# Aim of the exercise:
So that the copy stays text only, transcribe the data below exactly and exclude the images.

# Data provided:
_ _ _ _ _

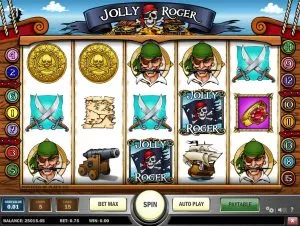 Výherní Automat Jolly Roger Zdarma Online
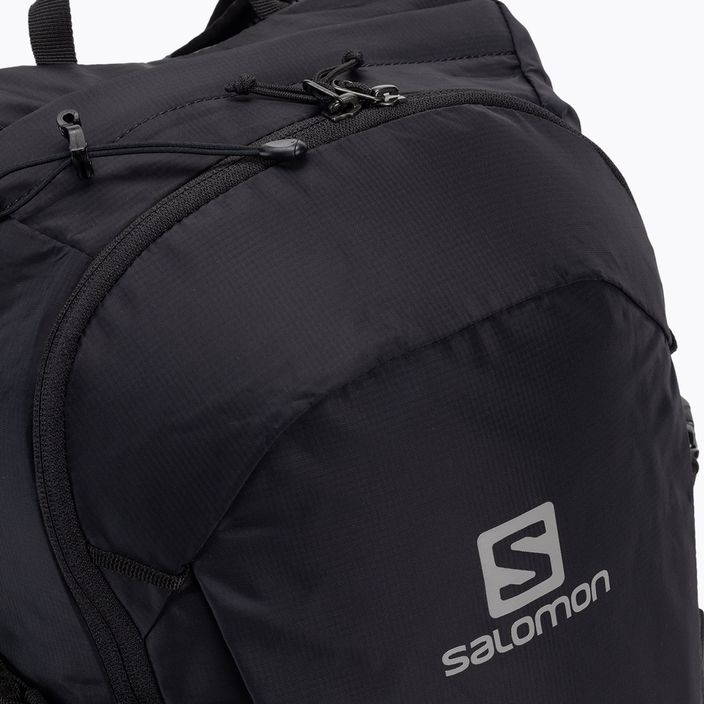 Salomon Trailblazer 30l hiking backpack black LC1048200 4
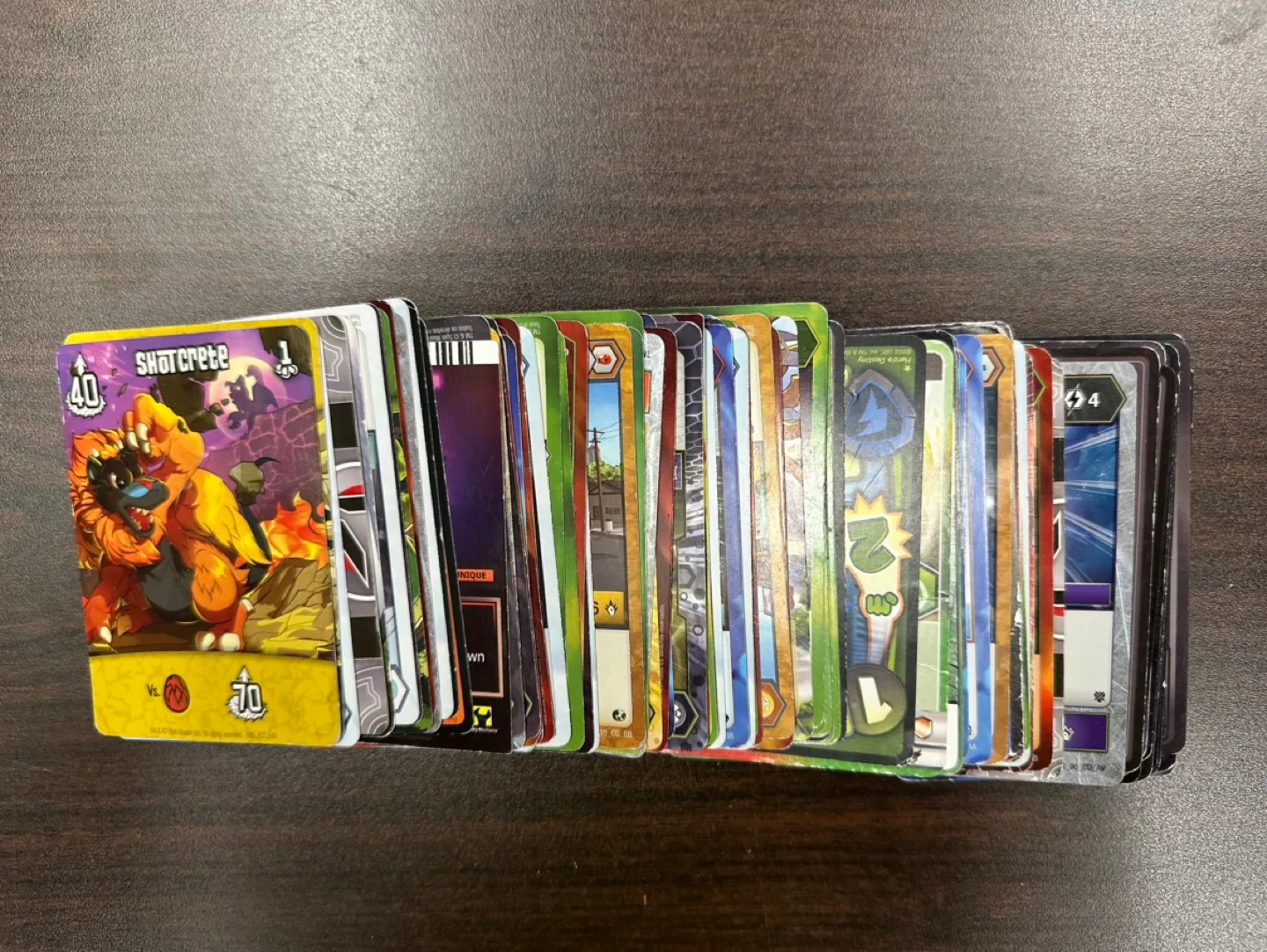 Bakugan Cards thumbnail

_ _ _ _ _

# Response below:
 Výherní Automat Jolly Roger Zdarma Online
 Salomon Trailblazer 30l hiking backpack black LC1048200 4
 Bakugan Cards thumbnail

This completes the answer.